Task statement. Copy out exactly the lines spanning the line with "Anti-phospho-P38 MAPK (Thr180)" to the line with "ARMC1 Antibody (clone OTI1D10)", inclusive, from the data underneath, with no pictures.

Supplied entries.
****

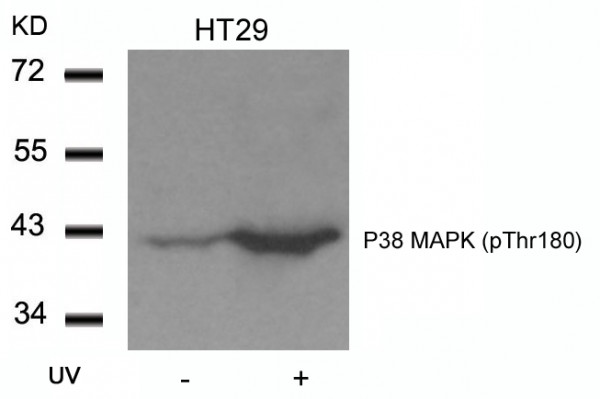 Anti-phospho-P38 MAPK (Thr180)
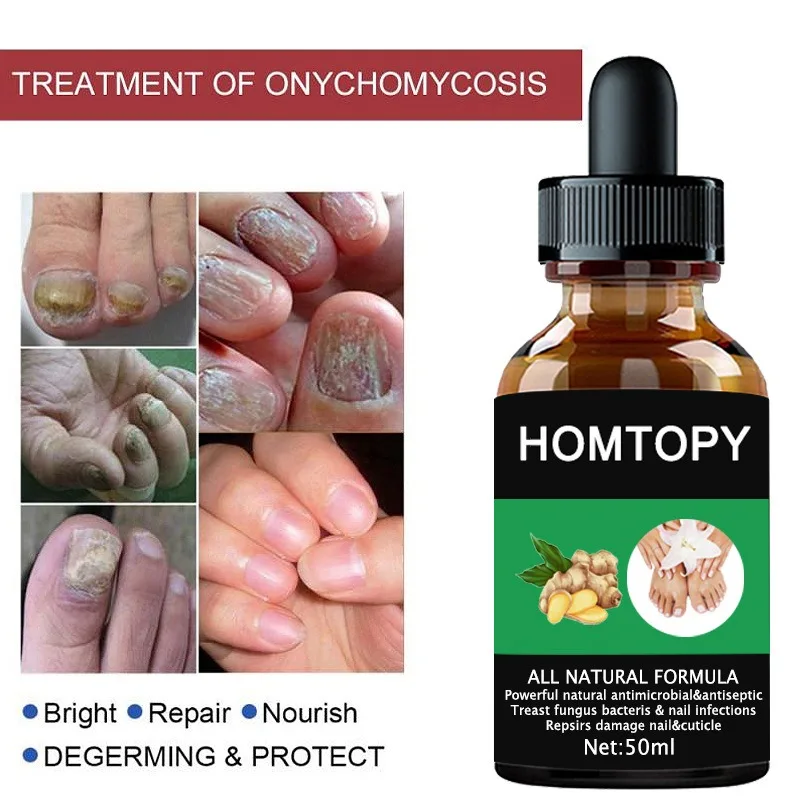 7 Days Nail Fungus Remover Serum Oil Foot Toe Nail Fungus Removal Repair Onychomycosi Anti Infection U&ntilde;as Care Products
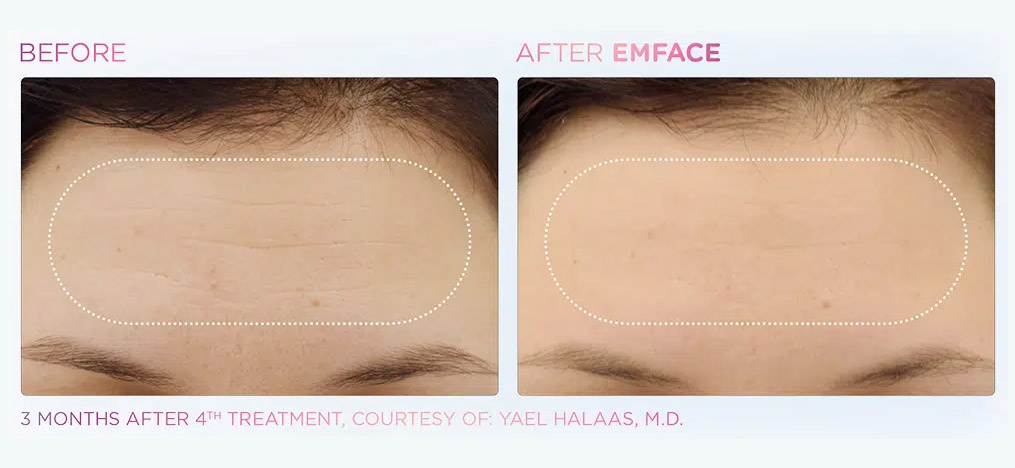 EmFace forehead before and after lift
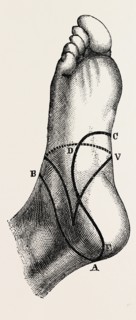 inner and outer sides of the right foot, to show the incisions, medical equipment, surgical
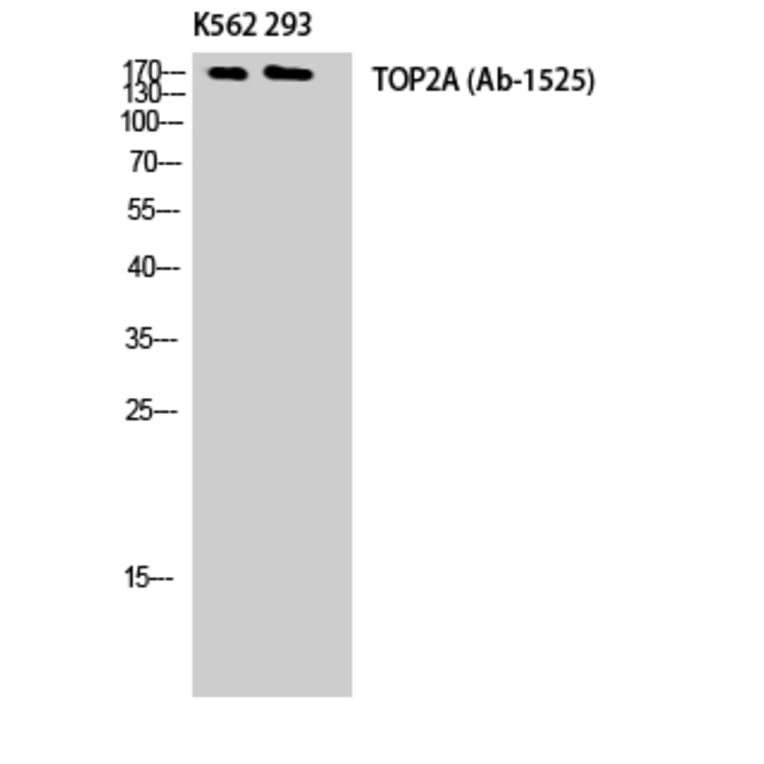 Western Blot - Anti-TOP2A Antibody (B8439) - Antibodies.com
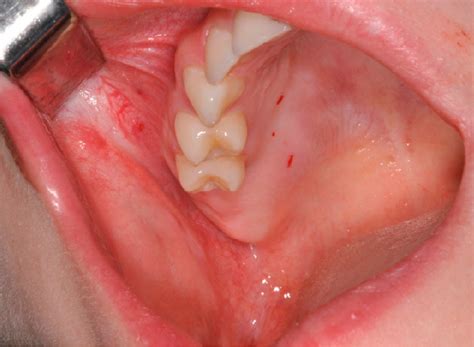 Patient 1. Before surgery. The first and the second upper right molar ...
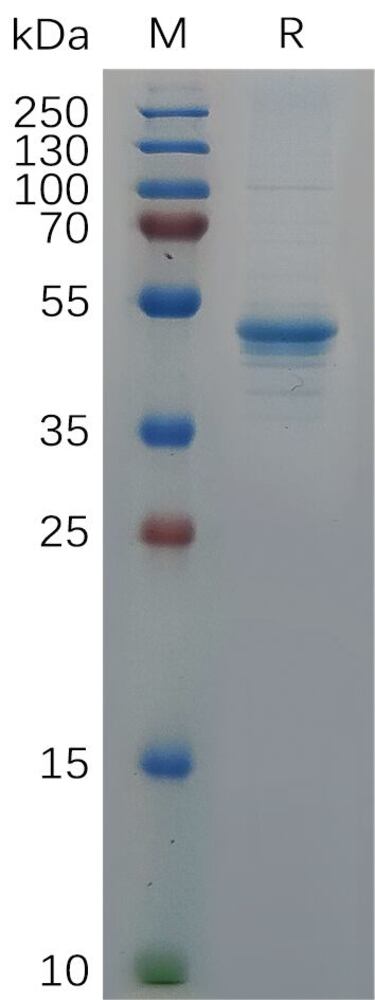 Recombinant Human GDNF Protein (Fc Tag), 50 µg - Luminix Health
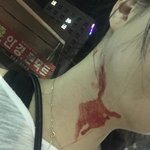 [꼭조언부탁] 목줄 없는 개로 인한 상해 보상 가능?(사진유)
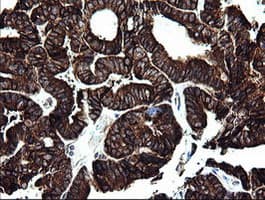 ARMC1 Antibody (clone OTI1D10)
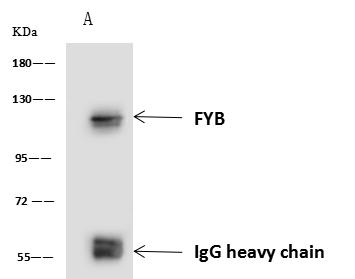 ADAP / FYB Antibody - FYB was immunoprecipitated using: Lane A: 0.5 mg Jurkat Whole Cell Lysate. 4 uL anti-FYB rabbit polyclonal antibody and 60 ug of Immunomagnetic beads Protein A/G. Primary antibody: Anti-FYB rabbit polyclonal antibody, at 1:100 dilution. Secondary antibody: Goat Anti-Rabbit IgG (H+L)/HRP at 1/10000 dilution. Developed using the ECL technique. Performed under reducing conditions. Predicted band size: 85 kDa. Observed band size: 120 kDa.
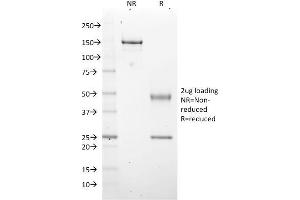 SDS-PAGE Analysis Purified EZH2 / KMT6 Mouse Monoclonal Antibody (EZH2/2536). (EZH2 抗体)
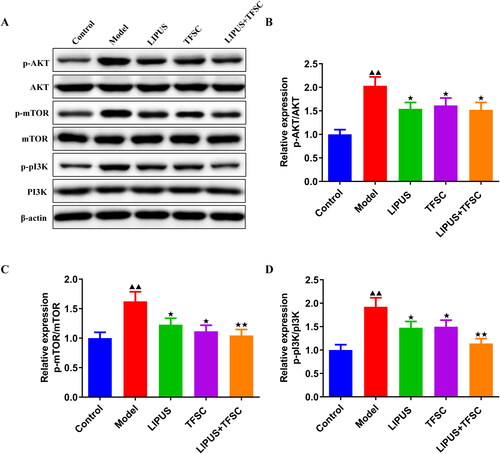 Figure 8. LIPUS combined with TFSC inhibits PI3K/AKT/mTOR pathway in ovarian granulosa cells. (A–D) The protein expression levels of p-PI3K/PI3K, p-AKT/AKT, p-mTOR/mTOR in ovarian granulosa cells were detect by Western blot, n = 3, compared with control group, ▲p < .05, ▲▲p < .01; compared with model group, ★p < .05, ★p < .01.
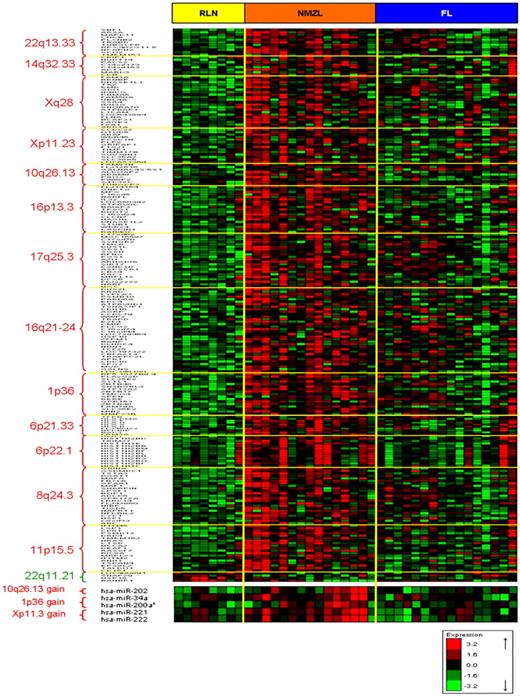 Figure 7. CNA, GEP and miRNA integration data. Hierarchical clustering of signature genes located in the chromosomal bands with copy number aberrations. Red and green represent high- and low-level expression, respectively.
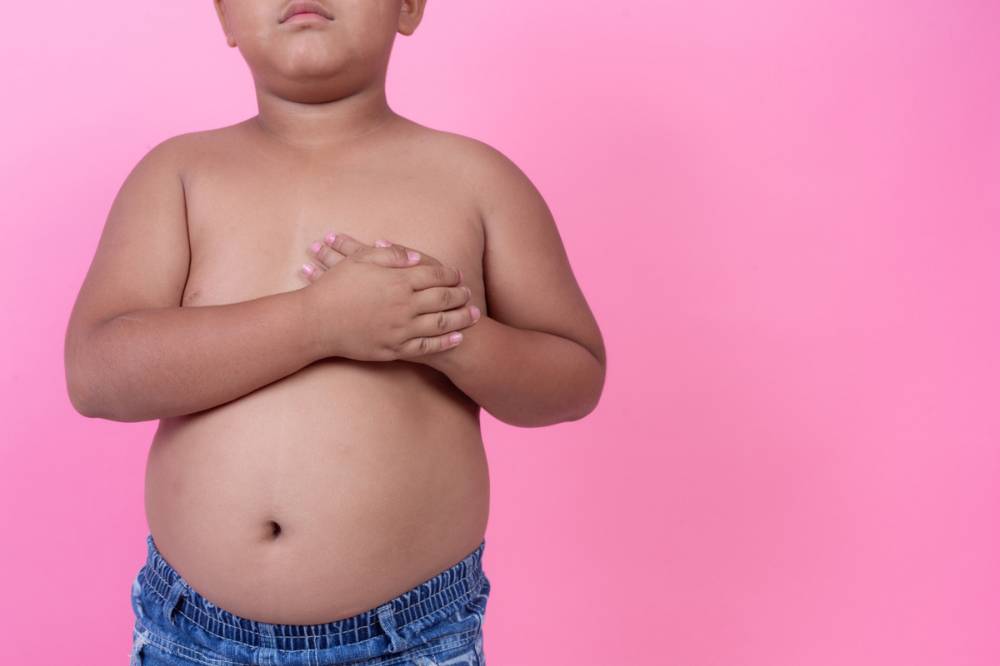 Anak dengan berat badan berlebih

****

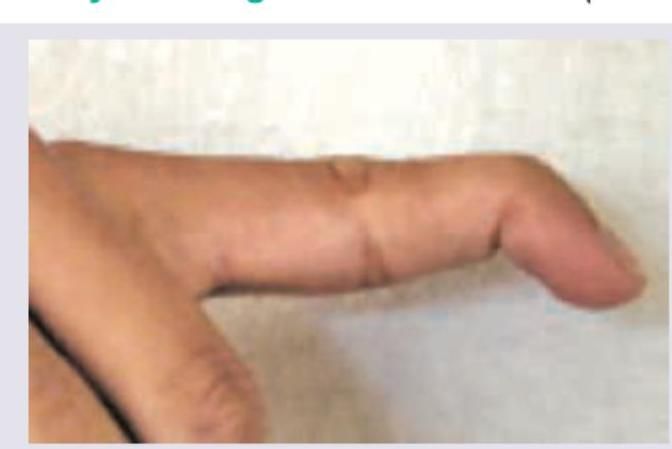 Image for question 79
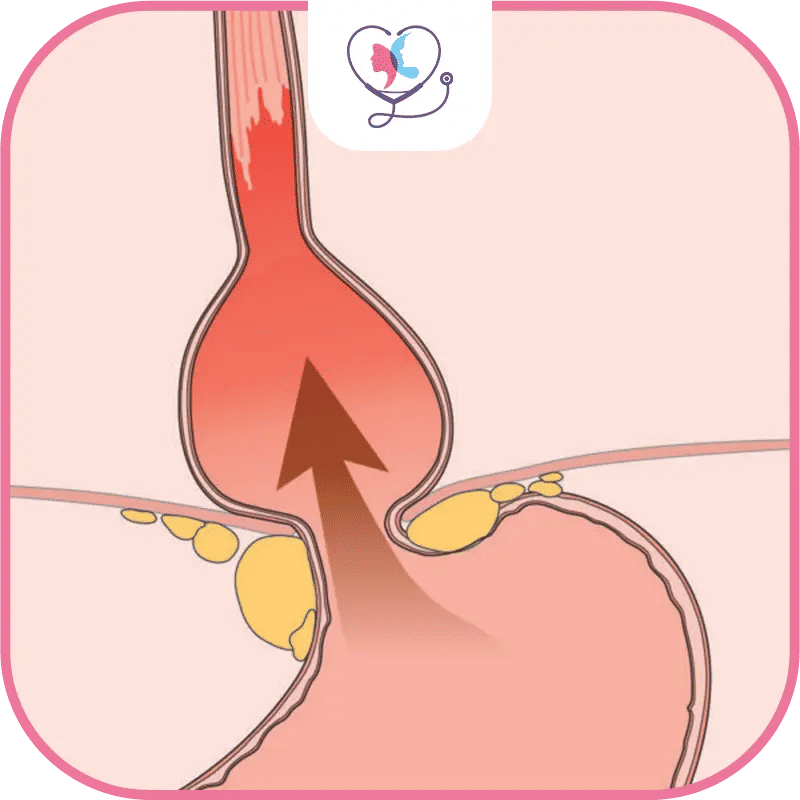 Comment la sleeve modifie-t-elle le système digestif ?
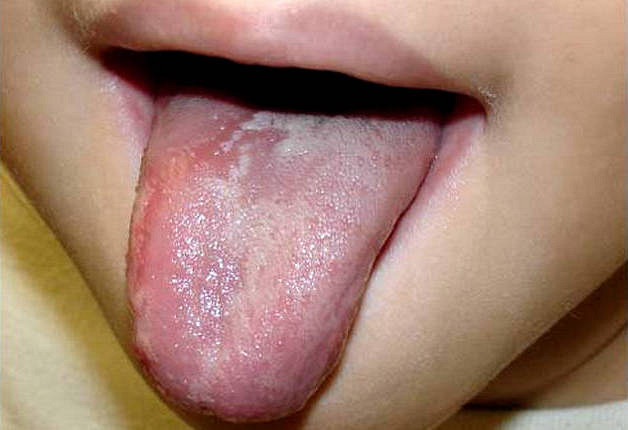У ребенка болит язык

****

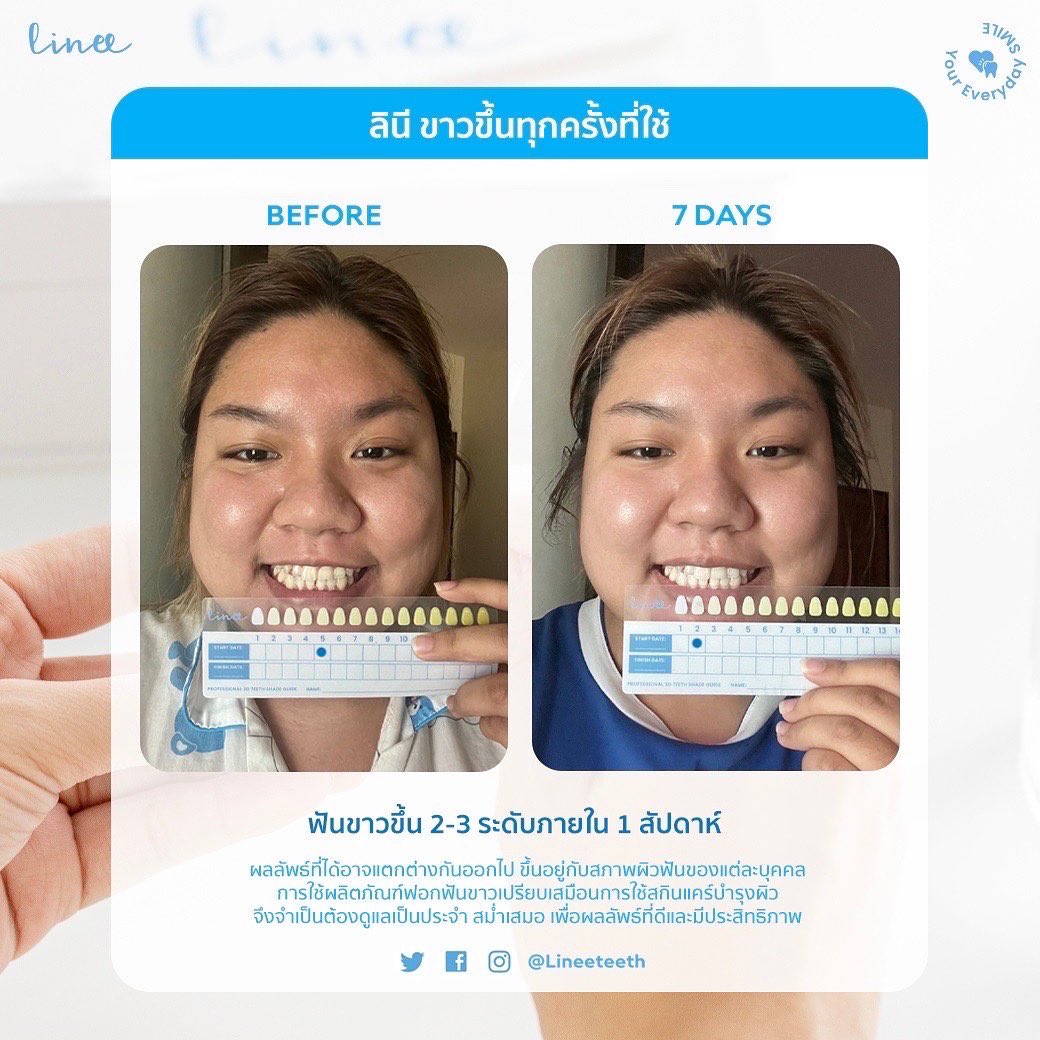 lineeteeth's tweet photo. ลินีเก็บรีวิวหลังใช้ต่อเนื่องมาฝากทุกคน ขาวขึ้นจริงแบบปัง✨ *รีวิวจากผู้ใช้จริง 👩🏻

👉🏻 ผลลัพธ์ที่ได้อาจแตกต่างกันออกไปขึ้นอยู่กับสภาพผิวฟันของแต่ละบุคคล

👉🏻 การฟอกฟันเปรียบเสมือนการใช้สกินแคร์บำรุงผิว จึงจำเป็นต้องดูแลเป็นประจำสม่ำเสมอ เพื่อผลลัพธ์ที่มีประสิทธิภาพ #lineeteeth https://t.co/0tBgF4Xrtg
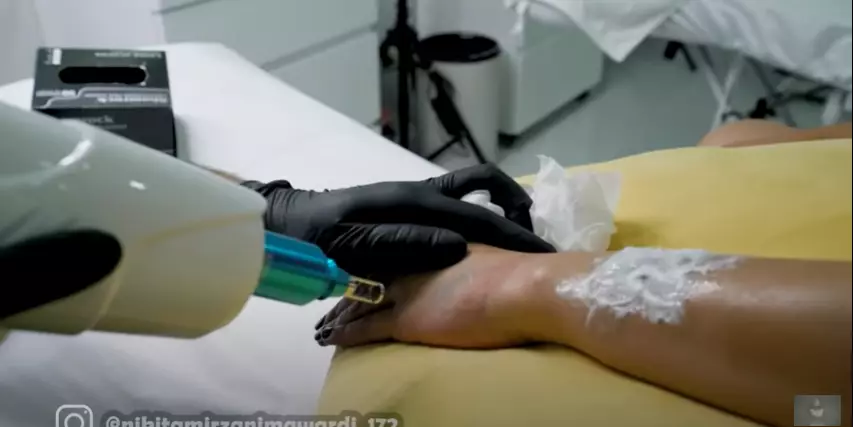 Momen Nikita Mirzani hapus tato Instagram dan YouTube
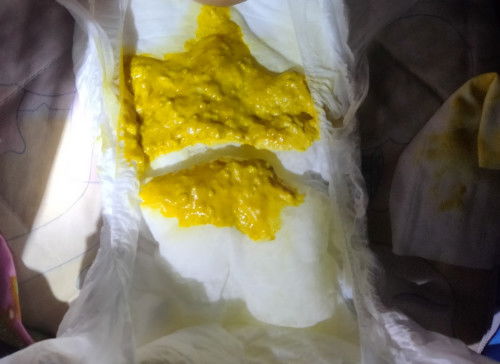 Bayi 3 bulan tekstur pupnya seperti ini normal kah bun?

****

Result.
 Anti-phospho-P38 MAPK (Thr180)
 7 Days Nail Fungus Remover Serum Oil Foot Toe Nail Fungus Removal Repair Onychomycosi Anti Infection U&ntilde;as Care Products
 EmFace forehead before and after lift
 inner and outer sides of the right foot, to show the incisions, medical equipment, surgical
 Western Blot - Anti-TOP2A Antibody (B8439) - Antibodies.com
 Patient 1. Before surgery. The first and the second upper right molar ...
 Recombinant Human GDNF Protein (Fc Tag), 50 µg - Luminix Health
 [꼭조언부탁] 목줄 없는 개로 인한 상해 보상 가능?(사진유)
 ARMC1 Antibody (clone OTI1D10)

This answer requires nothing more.